Quand on meurt, on revient à la dernière vague lancée et avant de repartir au combat, on peut améliorer son stuff en achetant, grâce au nombre de monstres tués, de nouvelles munitions, des buffs ou de nouveaux projectiles et armes blanches. On peut aussi consulter le bestiaire, lire les entrées de journal des moins chanceux que nous et organiser sa playlist (oui car, si on meurt en musique, c’est plus sympa de pouvoir la choisir). Une fois prêt, on repart à l’assaut en cliquant simplement sur sa meilleure amie, une belle mitrailleuse. On a d’autres amis à notre disposition :  batte de baseball, tronçonneuse, couteaux, cocktails molotov et tout un tas de grenades. À l’instar de ces dernières, on a aussi un large choix de balles, de la pénétrante à l’explosive en passant par l’incendiaire ou à matière noire (oui, c’est le futur). Il y a de quoi faire et s’amuser !

Let Them Come

Le petit marché du hub

Un combo meter permet de nous féliciter de cette boucherie en offrant des bonus une fois la jauge atteinte : récupération de vie, frénésie, les ennemis explosent quand ils meurent, doubler les dégâts, doubler les points gagnés, etc.
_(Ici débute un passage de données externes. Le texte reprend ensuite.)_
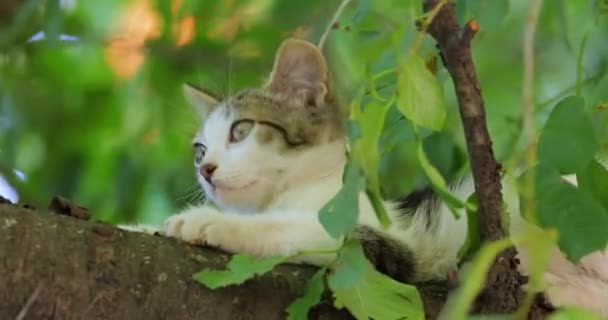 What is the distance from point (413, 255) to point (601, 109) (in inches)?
13.3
Le bestiaire, se dévoilant petit à petit, est assez varié avec chaque monstre possédant ses caractéristiques propres, donc ses approches de combats différentes.

Let Them Come

Un accueil chaleureux

Il n’y a pas grand chose de plus à dire pour le mode campagne. Le concept est porté par le titre, il n’y a qu’à lancer la partie et laisser la violence venir à nous. Ça ne maintient pas en haleine pendant des heures, c’est certain, mais une petite partie de temps en temps lui confère un petit côté défouloir très appréciable.

Outre le mode campagne, on a un mode boss rush (bon courage) et un mode twitch, où les viewers peuvent intervenir en envoyant des mobs eux-mêmes.

Let Them Come

Rock Gunar et son calme olympien

Côté identité, notre avatar est le digne cousin de Duke Nukem et Doomguy : Rock Gunar nous apparaît dès l’introduction du jeu, cigare en bouche, qu’il fume ensuite de manière complètement désinvolte pendant qu’on lui choisit de nouvelles grenades ou un fire rate plus grand. Et pendant la partie, on peut jauger le reste de vie qu’on a en regardant la tronche de notre ami, de plus en plus ensanglantée. On peut même apprécier le fire rate au degré d’ouverture de sa bouche, qui se referme quand on arrête de tirer.

À retenir

Véritable défouloir de l’espace, Let Them Come nous entraîne dans un univers qu’on connaît et apprécie : la SF des années 80. La complexité inexistante du concept est équilibrée par une difficulté aux petits oignons qui pardonne peu mais qui n’est pas frustrante pour autant (du moins au début). Alors sortez vos ghetto blasters et préparez-vous à cracher du sang parce que ça va faire mal !

 

Informations sur le jeu

Plateformes : PC, ANDROID, IOS, PS4, XBOX ONE

Genre : Tower Defense

Développeur : Tuatara Games

Éditeur : Versus Evil

Date de sortie : 03 Octobre 2017

 

They Are Billions

They Are Billions - Exemple d'Attaque

J’ai toujours adoré les jeux de stratégie. Mais j’ai toujours eu la sensation d’être une véritable quiche, du moins un stratège bien lent. Il me faut beaucoup de temps pour installer une base digne de ce nom, j’exploite toutes les ressources possibles du coin, je tente de faire toutes les évolutions de tous les bâtiments et unités, j’entraîne un bataillon digne de l’armée du Mordor. Une fois ma méga armée prête, je lance l’assaut sur la base adverse et là, je me régale. Entre-temps, je suis capable d’essuyer quelques assauts sur ma base, à condition qu’on me laisse un peu le temps de m’installer au départ et qu’on me laisse souffler entre deux attaques. En d’autres termes, la réactivité n’est pas nécessairement mon fort. Mais tout ça, les zombies, ils s’en foutent.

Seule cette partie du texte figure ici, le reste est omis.